Note Sarah Palin's fav/unfav today is 44/45, a negative spread. This data flies in the face of some of the cable narrative (the print journalists get it, and the bloggers get it). But like using last week's polls in the face of current economic news, it's easier to be lazy than informed. Some people really do connect with her. But maybe the Captains of Industry aren't on the phone saying, "Get me Palin, she can dress a moose." And all of that doesn't mean people will necessarily vote for her, even if they do connect. What the numbers show that in any case, the Palin thing is not universal. Don't forget that it took years before cable was willing to admit Bush was unpopular. They still have never acknowledged getting that wrong.
I also watched folks on cable use week old polls to show that Obama and McCain had similar ratings on the economy. However, Diageo/Hotline, which yesterday also has Obama up by 4, had an interesting graph on the economy question.
Who would do best job handling the economy?*
Gallup, from yesterday, has McCain up by one (47-46) but calls it even. Gallup adds this, suggesting a close election:
The historical record reviewed here certifies that a change in the gap of up to 6 or 7 points would not be unusual between Labor Day and Election Day. This year, the data have already shown a change in the gap of 13 points from the high-water Obama gap to the high-water McCain gap since Labor Day. The unusual timing of the conventions, both of which fell close to Labor Day, makes it difficult to project probabilities of victory for one candidate or the other based on historical references to the calendar. More generally, it may be useful to refer back to Gallup's previous analysis showing that, historically, competitive campaigns in which one candidate did not pull to a clear post-conventions lead remained close (with the lead switching back and forth) right through to the election.
Rasmussen from yesterday has McCain 48 and Obama 47 , and on the economy gets a different take (and are going to be the outlier, since they usually show McCain more trusted on the economy.) Scott Rasmussen will update at ~ 9:30 am.
Taking all the tracking polls, together, there's been movement toward Obama, and it would be incorrect to say that McCain is ahead. In fact, looking at Gallup's graph, it would also be hard to assert McCain had a better bounce if you look at the area under the curve, even if he had a bigger one. But any way you slice it, the bounce is gone nationally.

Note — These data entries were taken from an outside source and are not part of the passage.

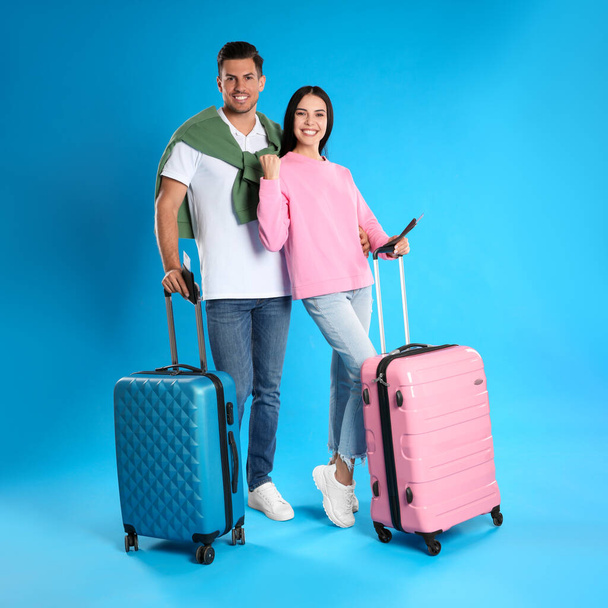 Happy couple with suitcases and tickets in passports for summer trip on blue background. Vacation travel - Photo, Image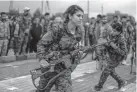  ?? Delil Souleiman, AFP ?? Fighters from the Kurdish women’s protection units on Saturday attend the funeral of a colleague, who was killed while fighting against Islamic State militants in Syria.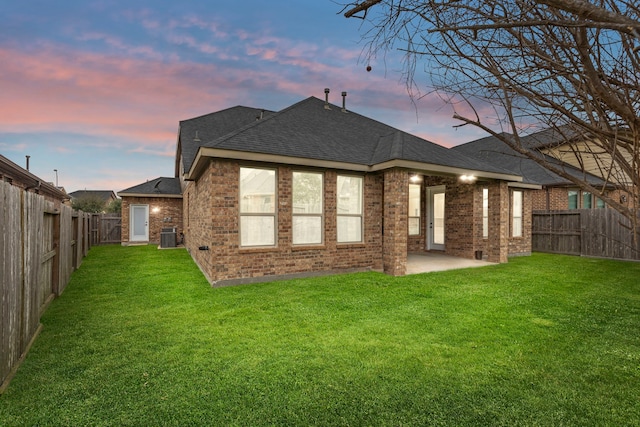 back house at dusk with a yard and a patio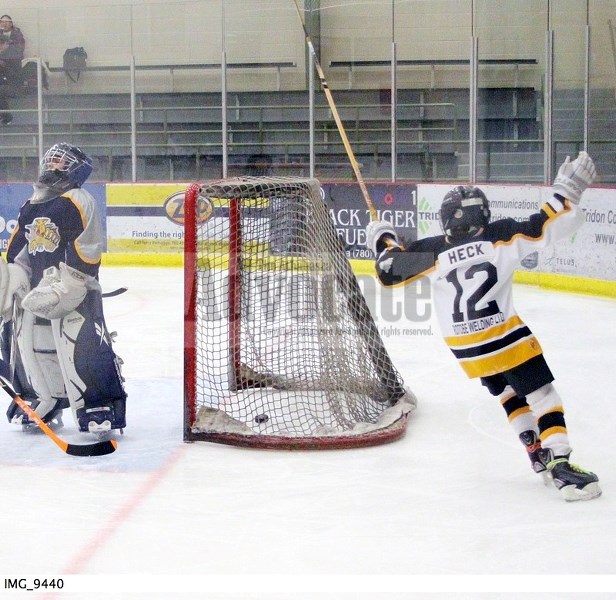 Athabasca Storm Hawks&#8217; Taycen Heck celebrates a first period goal versus Wabamun at the Multiplex on Saturday in their first game of the series.
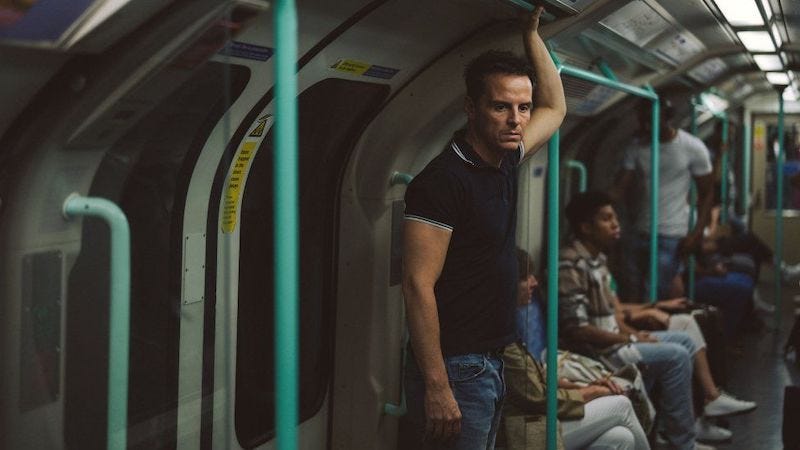 Still from the movie All of us Strangers, featuring Andrew Scott, standing in the tube carriage of the Waterloo and City line, alone.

The state polls don't have trackers, so the jury is still out there (a flurry of new data so far is still unclear, but McCain has made gains.) Mark Blumenthal on battleground state polls:
Three of these surveys show a net numeric gain for Obama, three show a net numeric gain for McCain, though all of the changes are well within sampling error for any of the individual surveys. Amazingly, when I average the six polls from this week and last, I get a 0.3% average drop for each candidate. What does this mean? Most of the differences are probably noise, as vote preferences have been pretty flat in the battleground states over the last week.
More to come today, and every day from now until November.
Update [2008-9-17 8:12:36 by DemFromCT]:: Ipsos/McClatchy from yesterday:
John McCain and Barack Obama remained neck and neck seven weeks before Election Day, but there's been some softening of the support for McCain and his running mate, a new Ipsos/McClatchy poll has found.
The national survey found registered voters split evenly, with 45 percent supporting McCain, the Republican, and 45 percent supporting Obama, the Democrat.
* data presented in charts based on rolling 3-day average of 900+ interviews concluded the previous day.